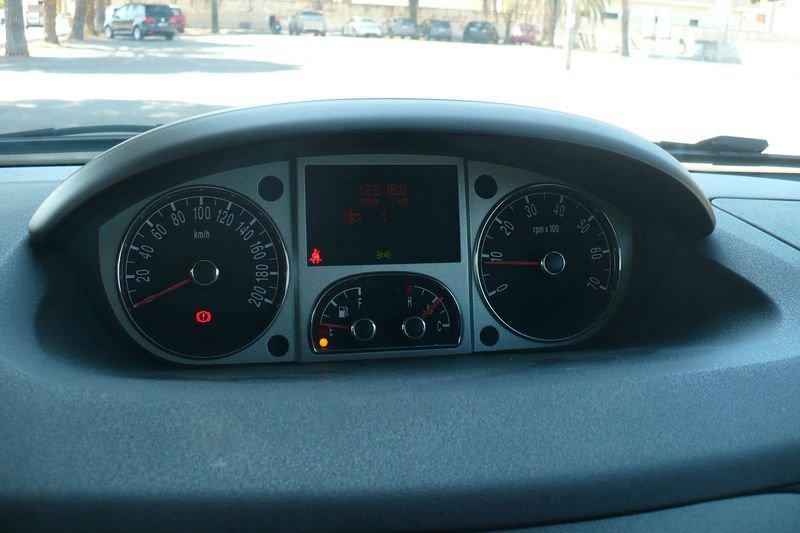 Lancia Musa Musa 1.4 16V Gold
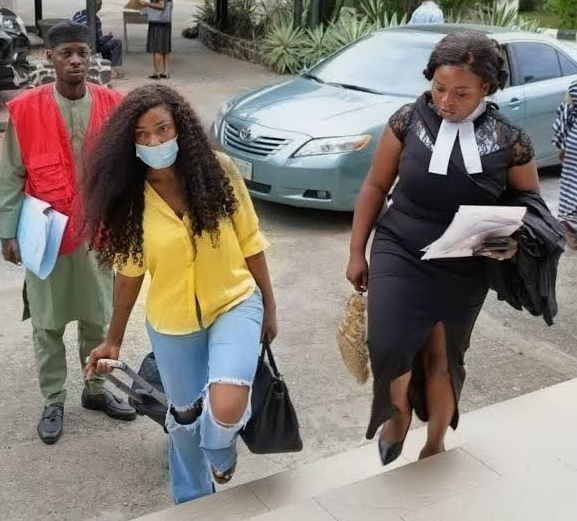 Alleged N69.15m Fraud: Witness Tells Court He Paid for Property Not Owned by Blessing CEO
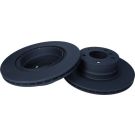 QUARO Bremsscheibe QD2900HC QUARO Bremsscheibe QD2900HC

DIRECTIONS FOR THIS TASK:
Return exactly the lines from the line with "Alleged N69.15m Fraud: Witness" through the last line of the data above, both included; pictures do not go in the answer.

YOUR SOLUTION:
 Alleged N69.15m Fraud: Witness Tells Court He Paid for Property Not Owned by Blessing CEO
 QUARO Bremsscheibe QD2900HC QUARO Bremsscheibe QD2900HC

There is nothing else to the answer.